June 6, 2019 - Growing up in Wilkes-Barre, Pennsylvania's East End, Catherine Lavery heard the stories of the Baltimore Mine Tunnel disaster.


Her mother told her about her brothers’ bodies being laid out in their mother’s living room. Her family carried the story with them through their lives.


“They never let go of it,” said Lavery, 90, of Wilkes-Barre.


A ceremony Wednesday remembered Lavery’s uncles and the 90 other people who died in the industrial accident 100 years ago after kegs of blasting powder exploded.


The ceremony may not have happened and a historical marker memorializing the disaster may not have been there if not for Lavery’s efforts and work from King’s College history professors and students.


Lavery had tried before to interest someone in researching the story of the Baltimore mine disaster, but it was not until she contacted the City of Wilkes-Barre that she found someone to take on the task. Drew McLaughlin, a former city employee, connected her with King’s College, and history professors there created a course exploring the disaster. The students’ work eventually led to official recognition by the state in the form of a historical marker not far from where the disaster took place.


“We did the class because we wanted our students to do the kind of research that historians do,” said Dan Clasby, a history professor at King’s College. “We knew there were archives around here. We knew there were wonderful stashes of personal papers and people’s own photos and stories, and we wanted our students to go out there and get into those archives and look at those personal papers and interview family members as much as they could.


“From there it kind of took on a life of its own,” Clasby said. “I think what we realized and our students realize is that the history of mining and the history of immigrant labor in this valley is incredibly important and it’s incredibly personal to the folks living here, so we were happy to go a bit further and get this public marker so that folks could drive by, walk past and remember.”
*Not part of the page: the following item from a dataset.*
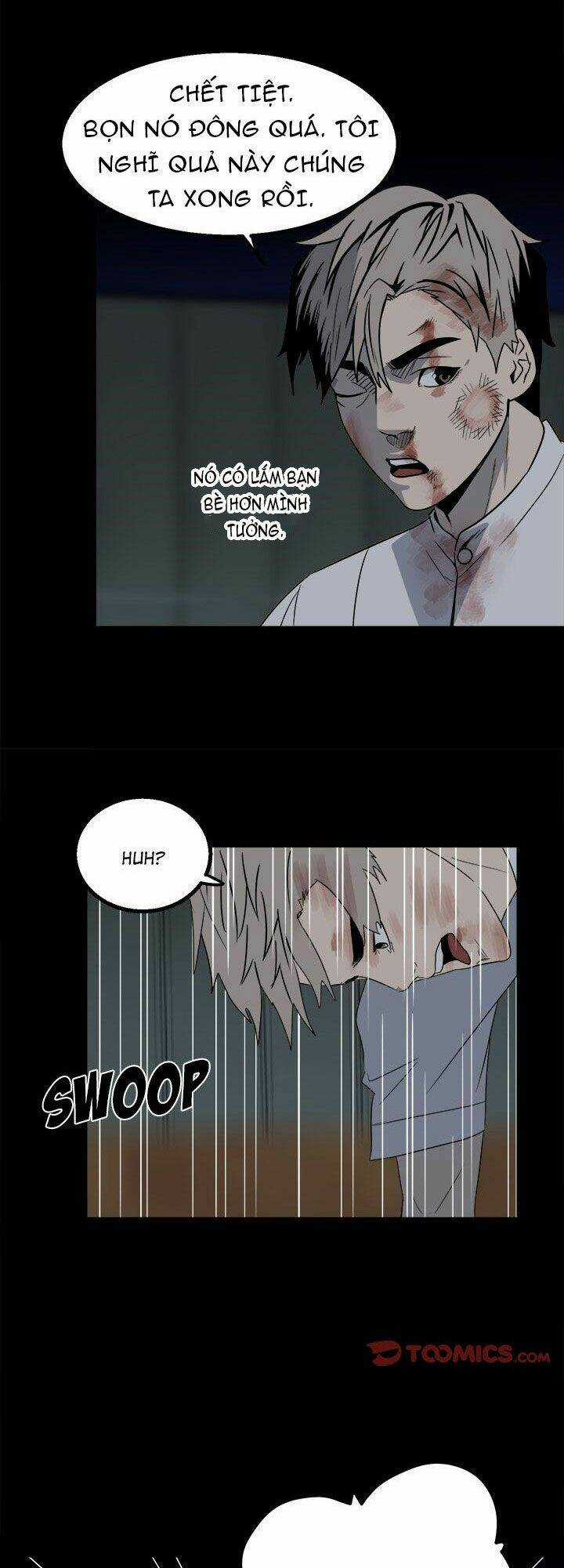 Kẻ Phản Diện Chapter 27 trang 23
To understand the amount of people who died, consider this comparison, said King’s College history professor Thomas Mackaman: 81 Wilkes-Barre men died in military service with the American Expeditionary Forces in Europe over six months in 1918.


“That was fewer by 11 than the number of men killed in one day in the Baltimore mine,” he said. Only seven men on the shift that day escaped without major injury. The dead and seriously injured represented about one-third of the mine’s entire workforce.


Despite the many people killed, the disaster was not well-remembered in the years after, Mackaman said. Other mining accidents in the region overshadowed the tragedy. The Avondale Mine disaster at the Avondale Colliery in 1869 and the Knox Mine disaster in 1959 were mentioned far more often by print media, and the event took place at a time when the lives of industrial workers and the especially coal miners, many of them immigrants or the children of immigrants, were viewed as cheap, he said.

 

But family members of the dead and residents of the neighborhood — like Lavery — kept the memory alive, he said, and on Wednesday, speakers read out the names of the dead, commemorating their dangerous work, the families they left behind and the efforts to improve safety in the wake of the tragedy.